The case was tried before a jury and at the close of the case, the listing agent moved for nonsuit as to the breach of fiduciary duty cause of action on the basis that the listing agent exclusively represented the seller in the transaction and therefore did not owe a fiduciary duty to Mr. Horiike. The trial court granted the motion for nonsuit as to the listing agent, and instructed the jury that, in order to find Coldwell Banker liable for breach of fiduciary duty, the jury had to find that a Coldwell Banker agent other than the listing agent (who the trial court found did not owe a fiduciary duty) or the buyer’s own agent (who was never sued) had breached a fiduciary duty to Mr. Horiike. The jury then returned a special verdict in favor of Coldwell Banker on all causes of action.

The Court of Appeals reversed the judgment on the breach of fiduciary claim against the listing agent and Coldwell Banker, concluding that the listing agent, as a salesperson working under Coldwell Banker’s license, owed a duty to Mr. Horiike “equivalent” to the duty owed to him by Coldwell Banker. The court reasoned that because Coldwell banker acted as the dual agent of the buyer and seller in the transaction, it owed a “fiduciary duty of utmost care, integrity, honesty, and loyalty in dealings with either the seller or the buyer.” Observing that the listing agent executed the forms on behalf of Coldwell Banker as its associate licensee, the court held that the listing agent owed the same duty to Mr. Horiike and had breached that duty by failing to communicate all of the material information he knew about the square footage, including the apparent contradiction between the marketing materials and the square footage in the public record documents.

Upon appeal to the California Supreme Court, the sole question before the Court was whether the listing agent, as an associate licensee for Coldwell Banker in the sale of the Malibu residence, owed a duty to Mr. Horiike to take certain measures to inform him about the property’s square footage: specifically, to investigate and disclose all facts materially affecting the property’s value or desirability, regardless of whether those facts could have been discovered by Mr. Horiike and his agent.

The Supreme Court affirmed the appellate court’s ruling, finding that listing agents owe fiduciary duties to the buyer when both buyers and sellers are represented by agents from the same brokerage. The Court reasoned that an agent’s relationship is derived from the agency relationship between the broker and the client. As such, the relationship between the broker and agent cannot be uncoupled.

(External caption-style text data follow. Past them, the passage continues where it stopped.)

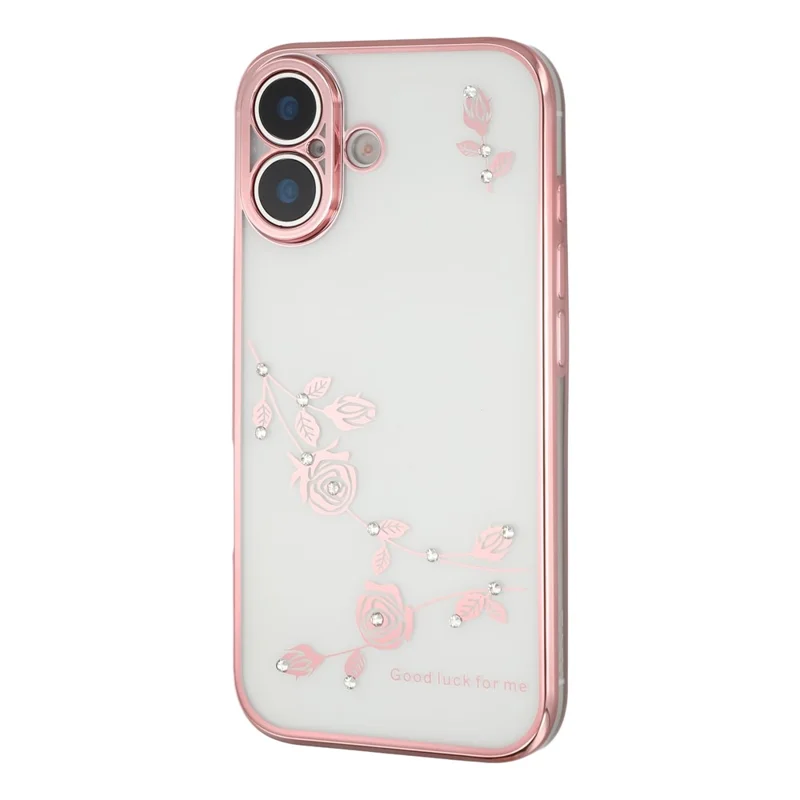 KADEM Per iPhone 17 Cover con Fiori e Strass in TPU - Oro Rosa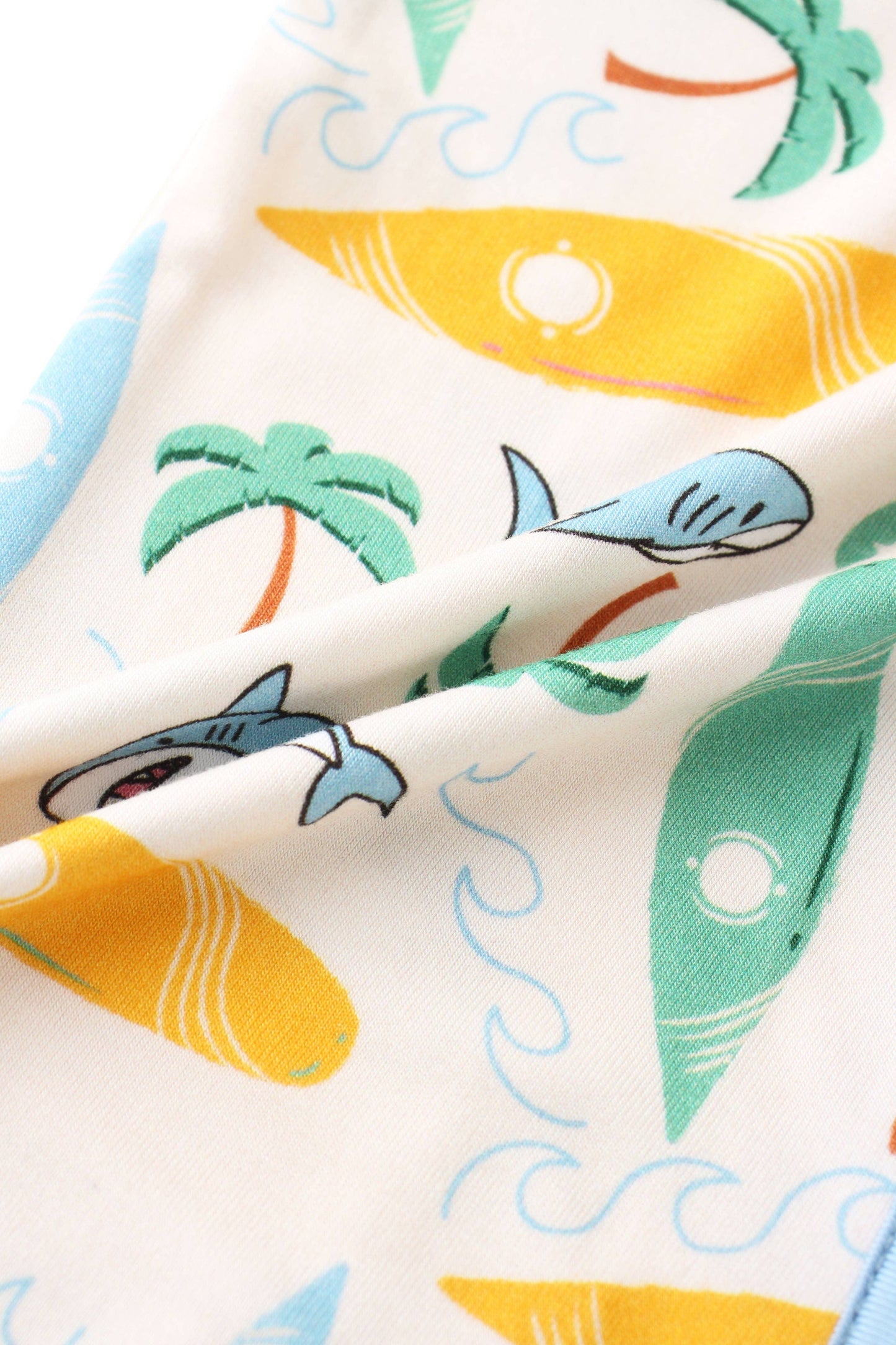 Posh TOT Surf's Up Bamboo Baby Convertible Zippy Romper: 3-6M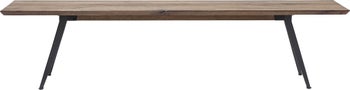 Ławka drewniana nogi metalowe czarne 200x36 cm – obraz-1
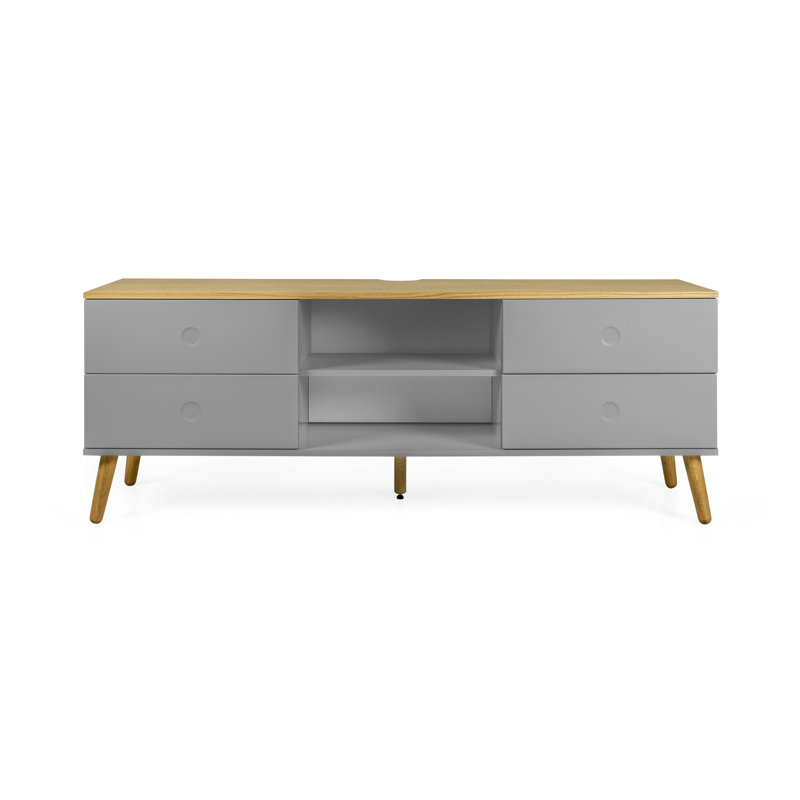 Meuble télé pour téléviseur de 75 po ou moins Euria, Gris / chêne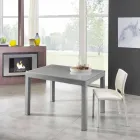 Mesa de Jantar Extensível Até 350 cm em Vidro Melamina e Metal - Meryl Viadurini
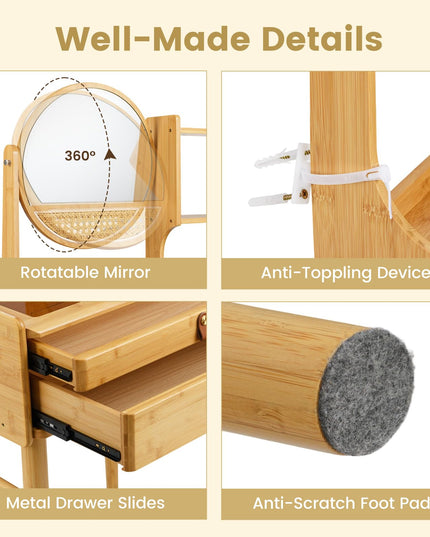 Small Bamboo Vanity Desk with Mirror and Stool for Bedroom Small Spaces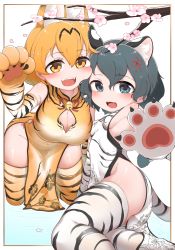  2022 absurdres animal_ears breasts china_dress chinese_clothes chinese_zodiac chis_(js60216) cleavage cleavage_cutout clothing_cutout dress fangs highres kaban_(kemono_friends) kemono_friends sakura_flower serval_(kemono_friends) sideboob textless_version thighhighs year_of_the_tiger  rating:Questionable score:18 user:ANSOC
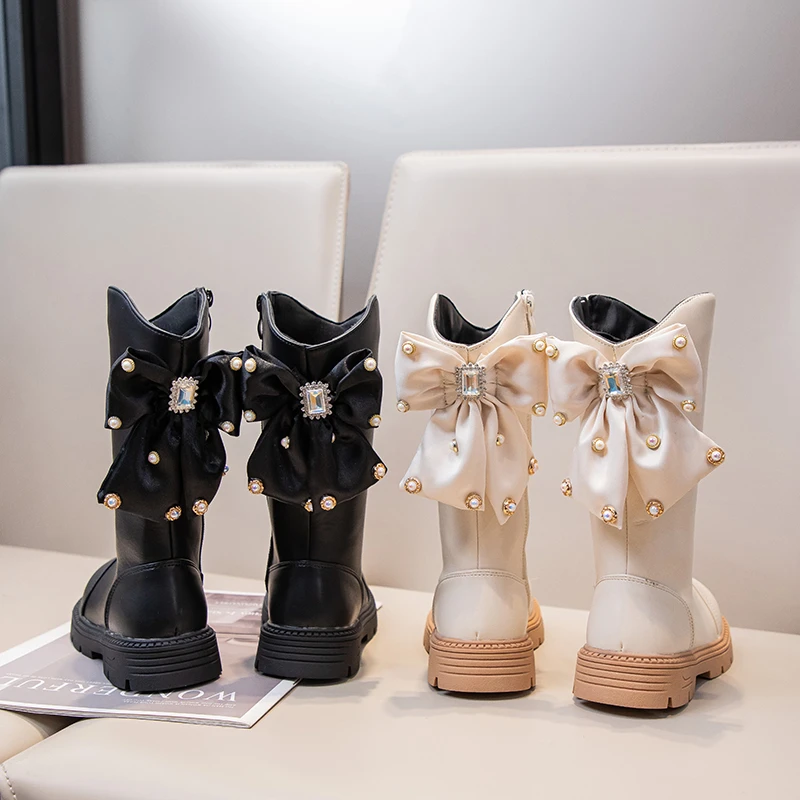 ABC女童马丁单靴2025新款秋冬加绒儿童皮靴女孩长筒保暖棉靴大童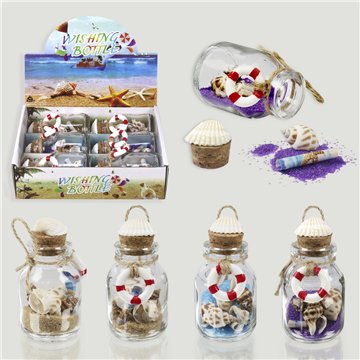 Wish Bottle with Sand and Shells. Shell Model. 4x8cm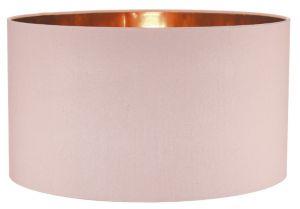 Timon E27 Non Electric Pink Smooth Faux Silk Drum Shade With Metallic Rose Gold Lining (Shade Only)
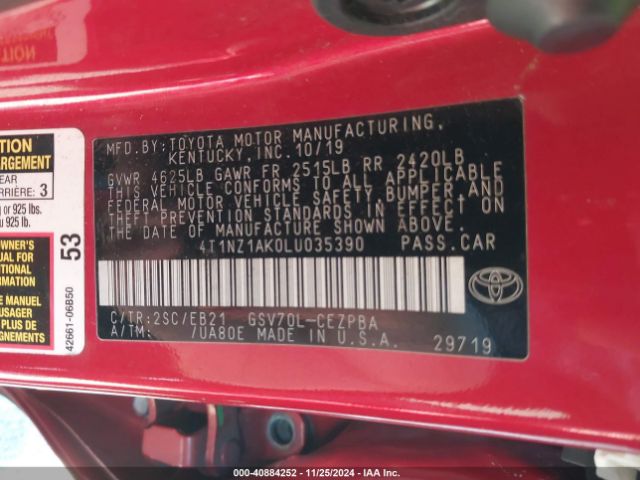 4T1NZ1AK0LU035390 Toyota CAMRY TRD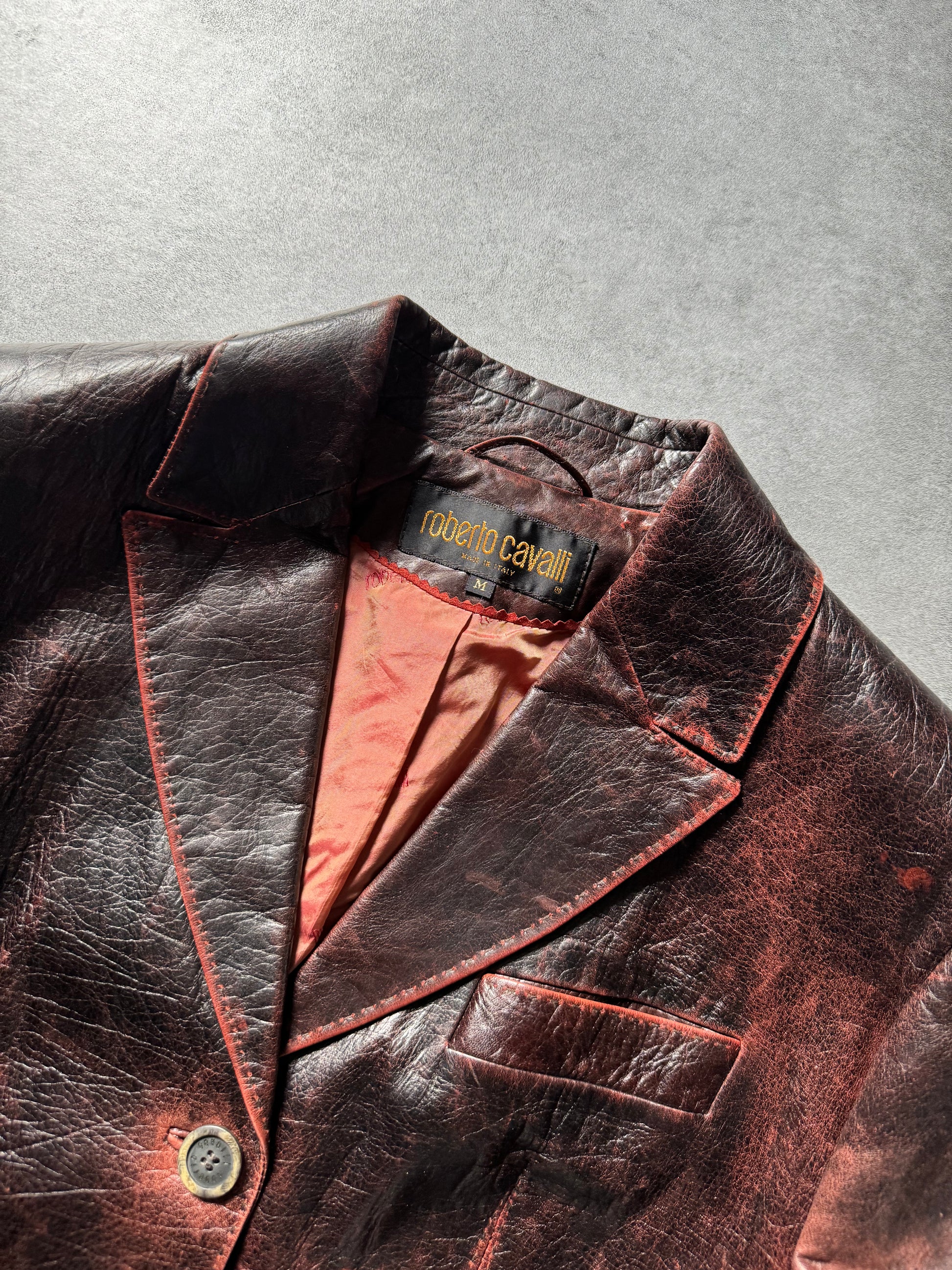 FW1999 Roberto Cavalli Eroded UlLeather Suit Jacket (S) - 4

This ruling further complicates the controversial real estate practice of dual agency, which is allowed by California law, but creates a situation in which one person must act as the agent of two parties whose interests inherently conflict. While this inherent conflict cannot fully be resolved, the take-away from the Supreme Court’s ruling in Horiike is as follows: the primary difference between the disclosure obligations of an exclusive representative of a seller and a dual agent is the dual agent has a duty to learn and disclose facts material to the property’s price or desirability, including those facts that might reasonably be discovered by the buyer.

That said, the Court acknowledged that more difficult questions about the scope of a real estate salesperson’s fiduciary duties when functioning as a dual agent may be raised in future litigation. For example, does the dual agent need to disclose confidential information obtained from the seller or otherwise compromise the agent’s ability to fulfill obligations to the seller? These are questions for another day. At present, the Supreme Court ruling underlines the fact that real estate agents in a dual agency transaction must be careful to observe their fiduciary duties to both the buyer and the seller and must carefully consider the risks of dual agency transactions in general.